PROVIDED INFORMATION Start Marker
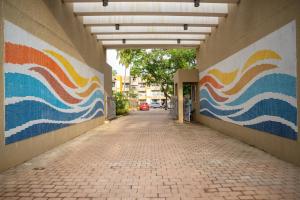 a hallway with colorful murals on the side of a building at Casa Leo by Leo Homes 2BHK Flat near Anjuna Beach in Anjuna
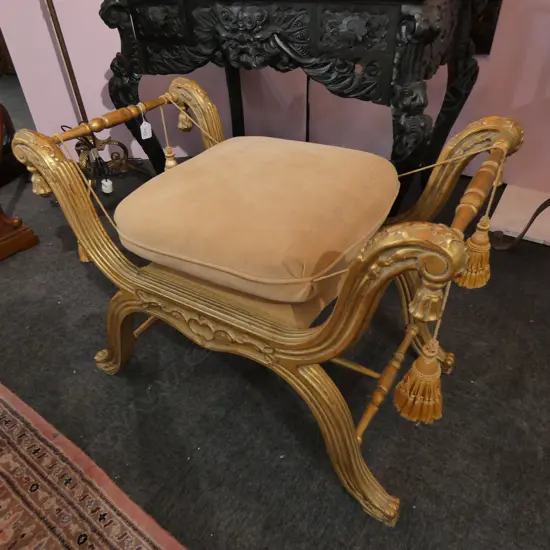 An ornate gilt curule stool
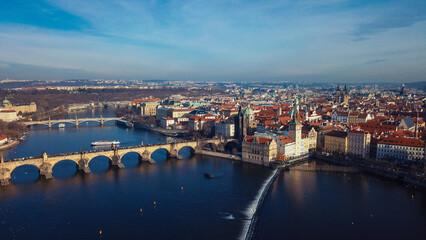 Stunning aerial view of Prague showcasing the iconic Charles Bridge and the Vltava River under a clear blue sky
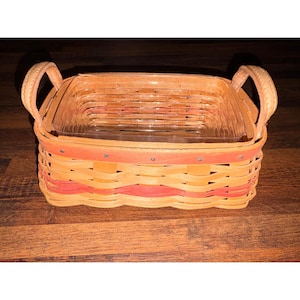 May include: A rectangular woven basket with a clear glass insert and two arched handles. The basket features alternating bands of orange and red, with a decorative red band around the top. The handles are tan.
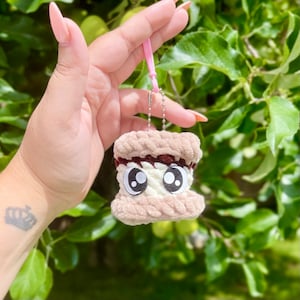 May include: A brown and white crocheted s'mores keychain with googly eyes. The keychain is attached to a pink string and a silver chain.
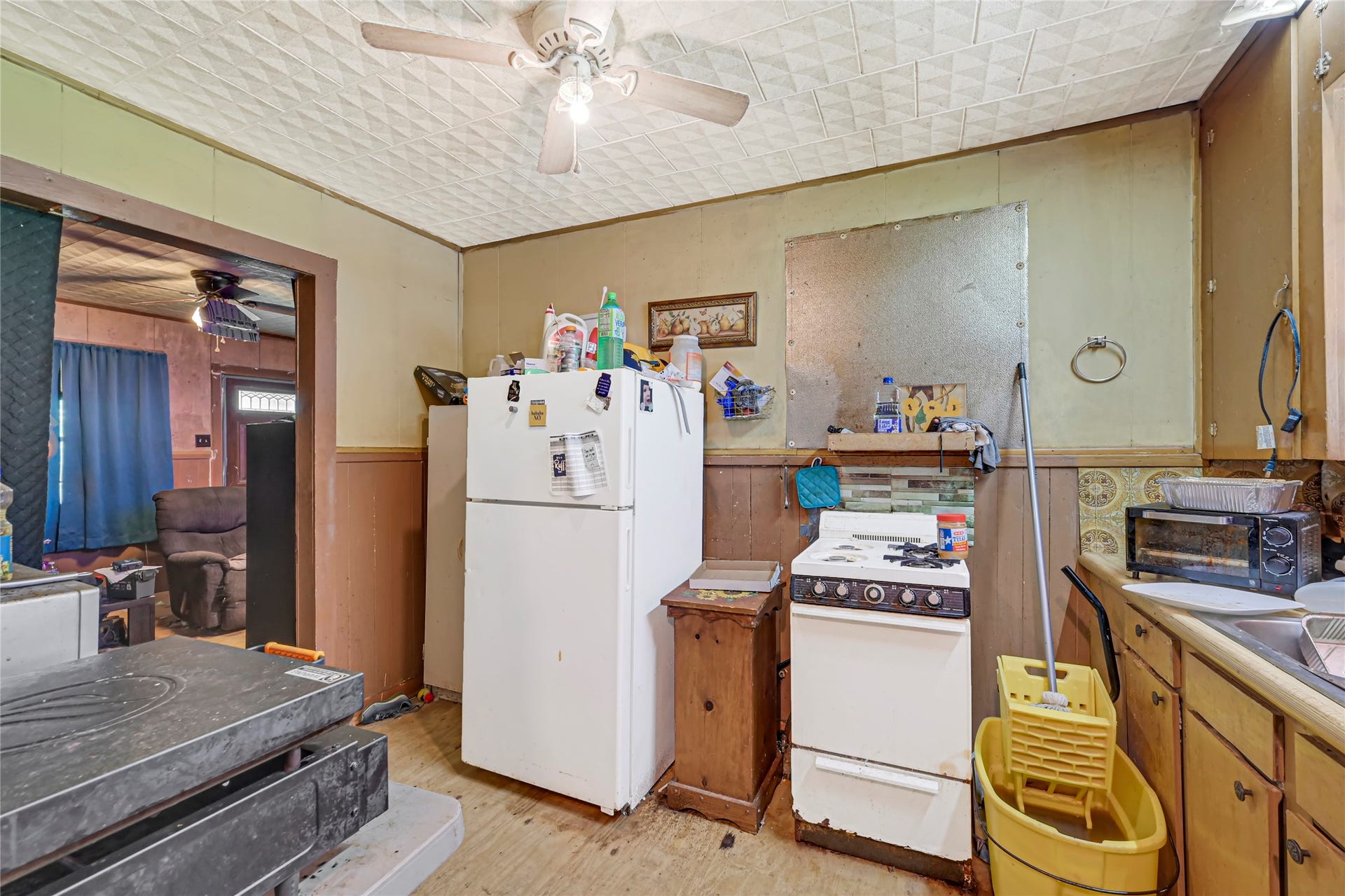 121 Patterson Road, Brazoria, TX 77422 Cozy kitchen space with vintage charm, featuring a classic gas stove, ample cabinetry, and adjoining living area.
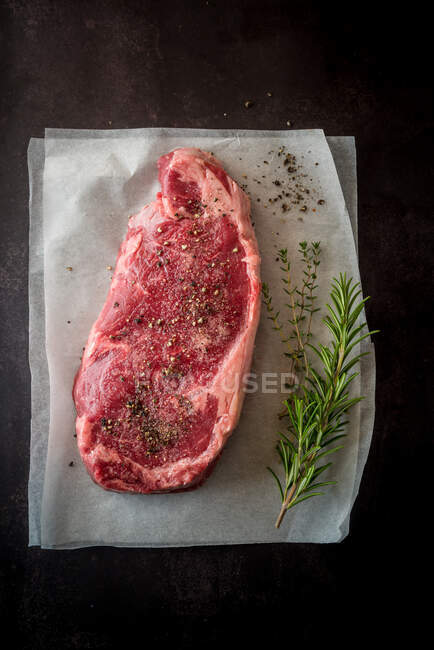 Overhead view of uncooked meat piece with thyme leaves against paper on black background — Stock Photo
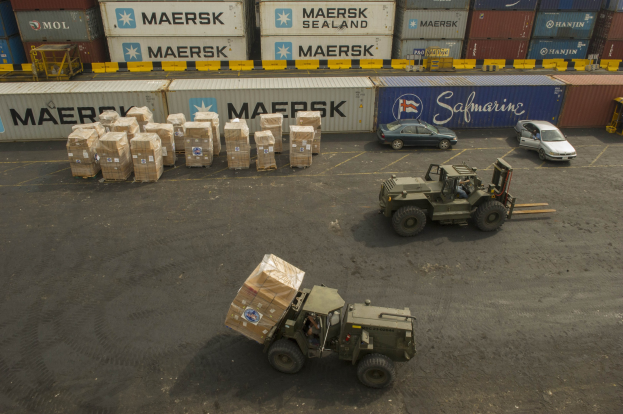 Militärfahrzeug vor einem großen Container Schiff mit mehreren Fahrzeugen und verstreuten Kartonagen auf der Straße und Containern mit Text im Hintergrund.
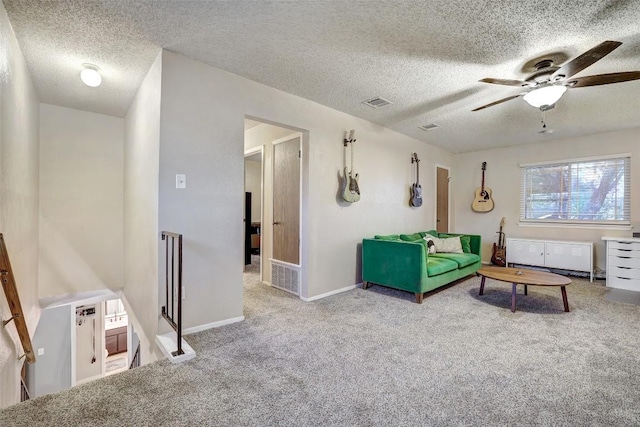 carpeted living room featuring baseboards, visible vents, ceiling fan, and a textured ceiling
PROVIDED INFORMATION End Marker
## ABOUT THIS TASK
Would you copy, word for word, only the lines above from the one containing "An ornate gilt curule stool" through the one containing "May include: A rectangular", both included, and please leave out the pictures?

## OUTPUT OF THE TASK
 An ornate gilt curule stool
 Stunning aerial view of Prague showcasing the iconic Charles Bridge and the Vltava River under a clear blue sky
 May include: A rectangular woven basket with a clear glass insert and two arched handles. The basket features alternating bands of orange and red, with a decorative red band around the top. The handles are tan.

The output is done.